ASSIGNMENT:
Reproduce, exactly and only, the lines of the data that follows from the one containing "KIKIFOR ตะกร้าระบายน้ําในครัว, อุปกรณ์ครัว" down to the one containing "Womens Tops Dressy", without pictures.
Segment Start: MATERIAL SUPPLIED
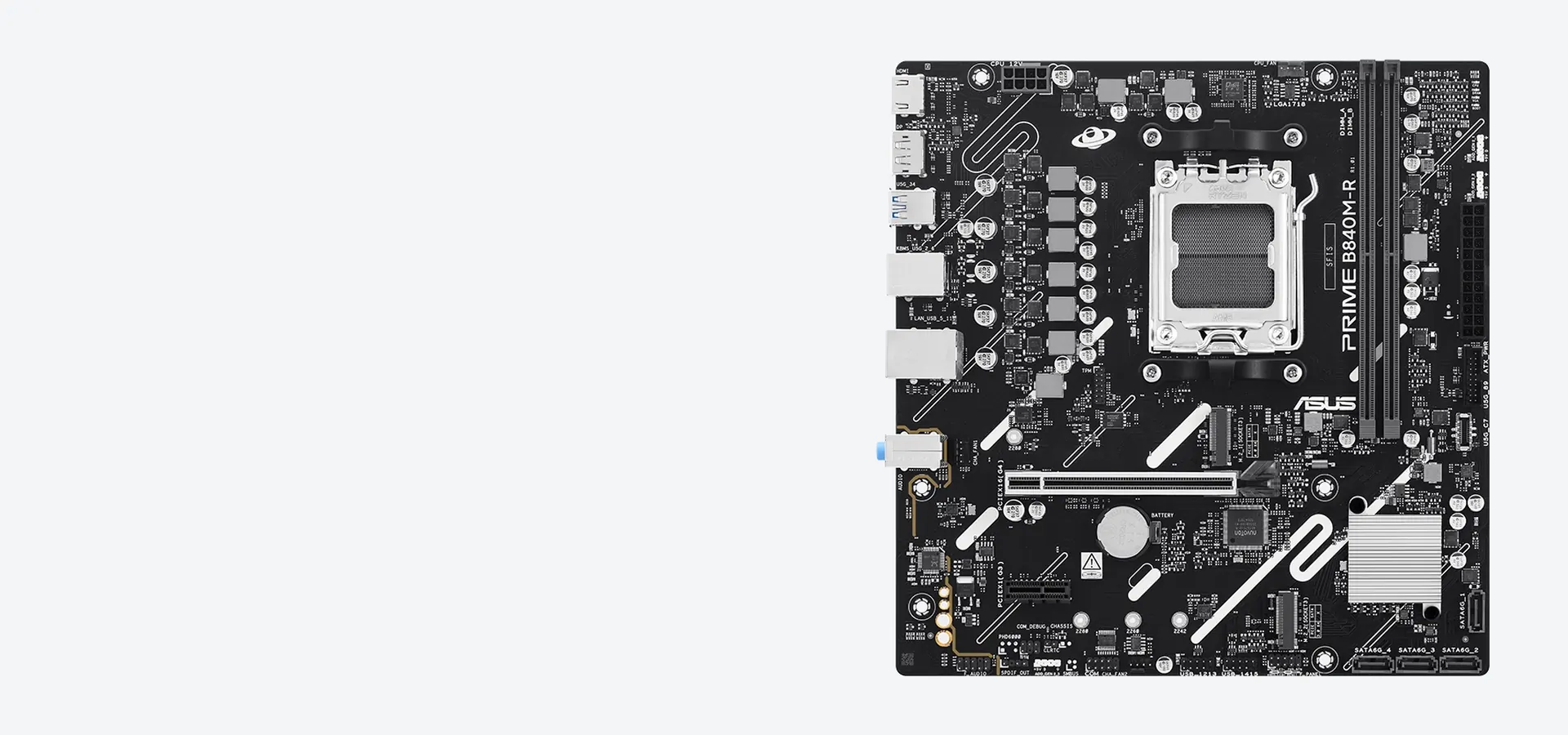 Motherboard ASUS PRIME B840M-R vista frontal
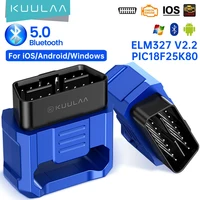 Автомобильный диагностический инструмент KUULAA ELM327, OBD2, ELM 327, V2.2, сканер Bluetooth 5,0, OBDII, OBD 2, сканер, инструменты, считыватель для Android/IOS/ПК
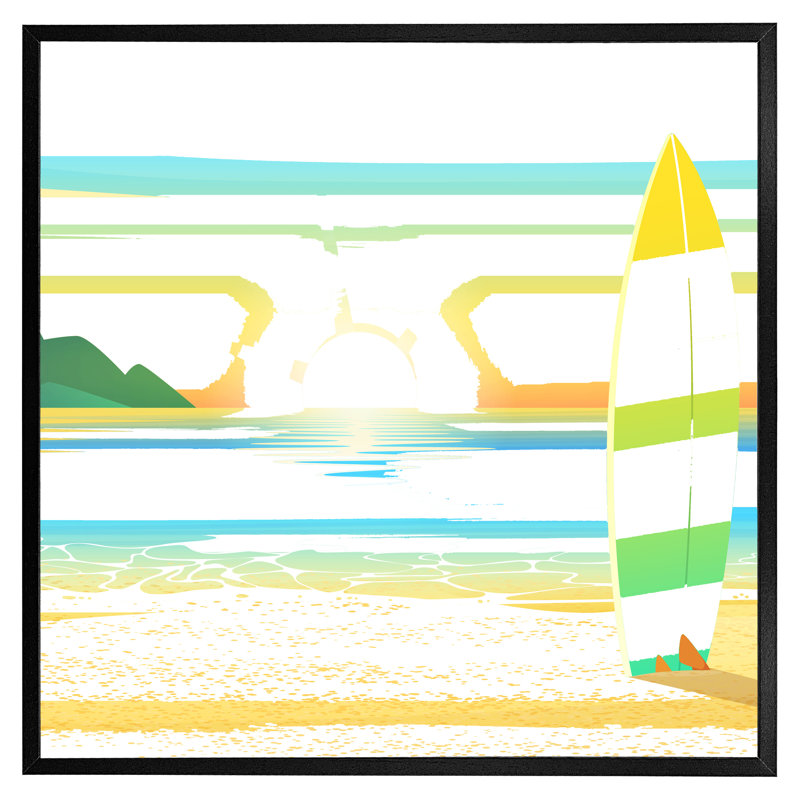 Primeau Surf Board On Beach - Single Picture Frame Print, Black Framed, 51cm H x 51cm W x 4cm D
Segment End: MATERIAL SUPPLIED
Segment Start: MATERIAL SUPPLIED
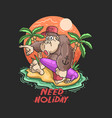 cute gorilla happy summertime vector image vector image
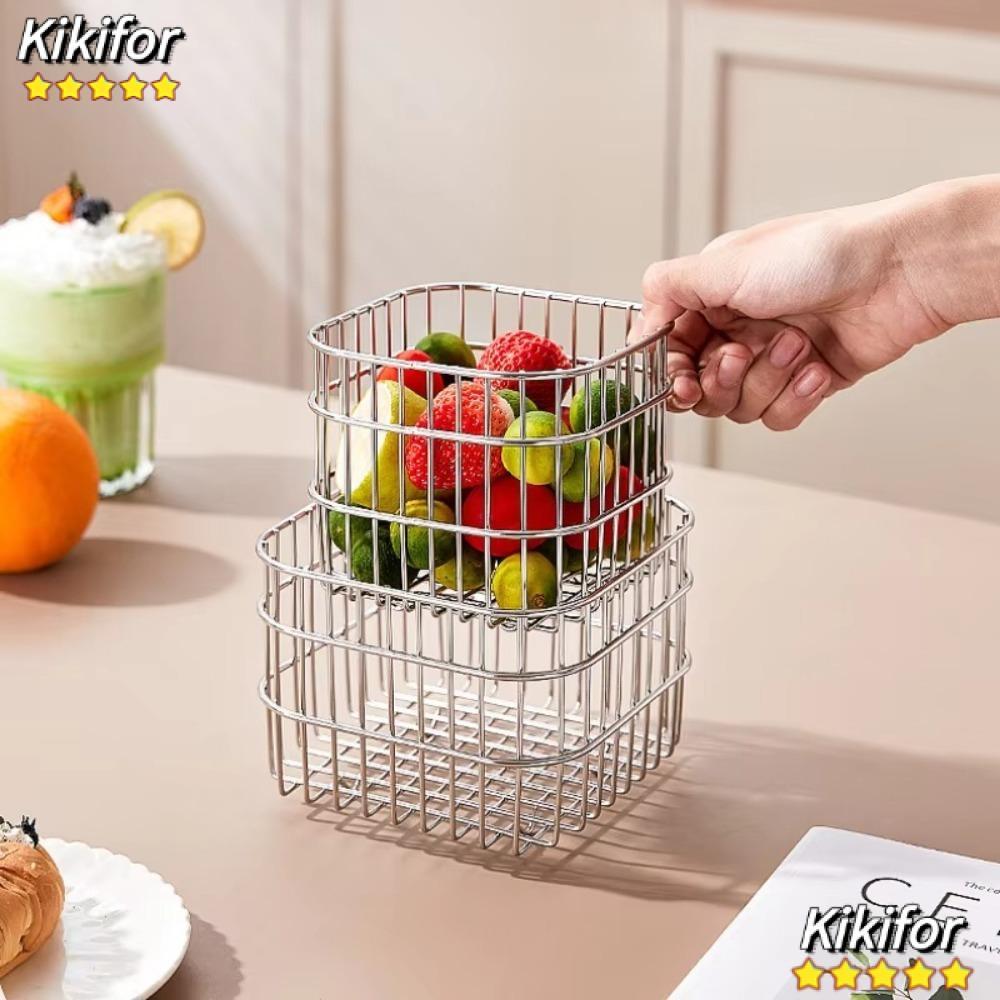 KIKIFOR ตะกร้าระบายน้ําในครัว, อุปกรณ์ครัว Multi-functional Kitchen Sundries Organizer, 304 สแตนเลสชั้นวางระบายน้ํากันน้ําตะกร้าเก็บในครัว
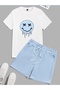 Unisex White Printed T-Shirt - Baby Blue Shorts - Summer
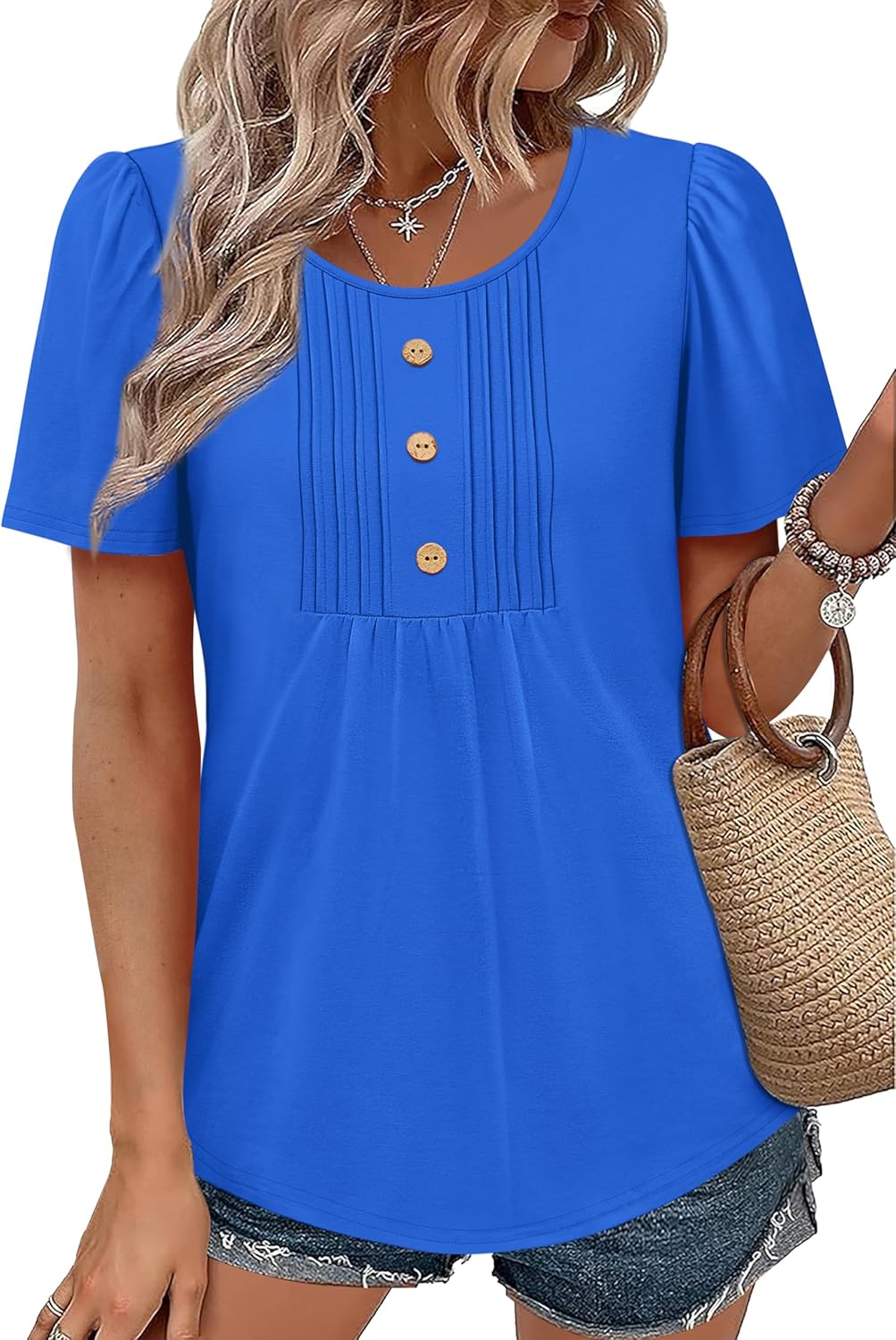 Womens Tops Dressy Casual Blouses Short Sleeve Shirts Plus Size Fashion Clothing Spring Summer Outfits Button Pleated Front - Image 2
Segment End: MATERIAL SUPPLIED
Segment Start: MATERIAL SUPPLIED
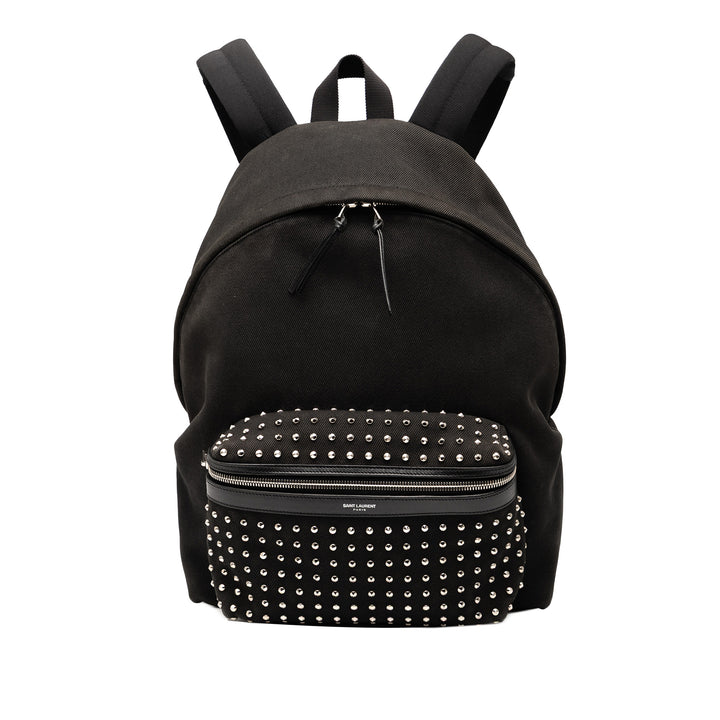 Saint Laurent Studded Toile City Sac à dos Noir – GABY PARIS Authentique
Segment End: MATERIAL SUPPLIED
REPLY TO THE TASK:
 KIKIFOR ตะกร้าระบายน้ําในครัว, อุปกรณ์ครัว Multi-functional Kitchen Sundries Organizer, 304 สแตนเลสชั้นวางระบายน้ํากันน้ําตะกร้าเก็บในครัว
 Unisex White Printed T-Shirt - Baby Blue Shorts - Summer
 Womens Tops Dressy Casual Blouses Short Sleeve Shirts Plus Size Fashion Clothing Spring Summer Outfits Button Pleated Front - Image 2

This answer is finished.